This is the second article from Kooshay Malek, a blind therapist in Los Angeles. Her first article, The Habit of Seeing, discussed losing her vision and her choice of becoming a marriage and family therapist. Here she discusses at how she uses her vision loss to help her patients.
When I started as a therapist, I was really concerned about my blindness. I had faced prejudice in other jobs. With my first few clients, I gave them this whole spiel at the beginning, explaining about being blind and about why I wear dark glasses. My supervisor said not to work so hard to explain. He thought it was a nonissue: “If you were blonde and blue-eyed, would you be describing that over the phone to them?” he asked. He was right. It didn’t faze most people. In the 11 years I’ve been practicing, only a few people had a problem with it. To this day, once in a while, it may come out organically that I’m blind. Most of the time, I don’t tell them beforehand.

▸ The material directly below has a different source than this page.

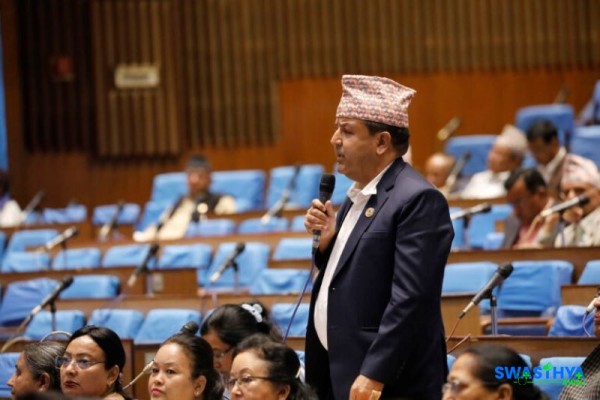 सांसद डा. शर्माले आन्दोलनरत चिकित्सकका मागप्रति सरकारको ध्यानाकर्षण गराए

I think I pick up on certain nuances sighted therapists may miss. I sense shifts in energy in the room. I have very strong attunements: I notice the slightest change in tone of voice — or even in their silences — and I know something’s going on. If necessary, we talk about my blindness, and we process my blindness in the session. I don’t leave it as an elephant in the room. The main concern of everybody who comes to therapy, whether they are seeing a blind person or not, is, “Am I going to be heard and understood?” In this case, they may wonder if my blindness will affect whether I can hear and understand them. I say: “Well, we’ll have to wait and see. If there is something you think I can’t understand, would you be able to tell me?” That makes them self-sufficient in asking for help or expressing a need. Many patients tell me they find it so much easier to talk to me, because I don’t have my eye on them, so to speak, like a microscope. They find it close to the traditional psychoanalyst’s couch, where the therapist would sit behind them and not look at their face. They find out I see them better than anyone else in their life. That’s the reward of it. Especially with clients who have self-image and self-esteem issues. I get to see who is inside, not who is outside, and that’s powerful by itself. People open up more easily. My blindness is a really quiet, subtle intervention in the room at all times. It’s always present. It’s a gift I carry in there with me, and I use it.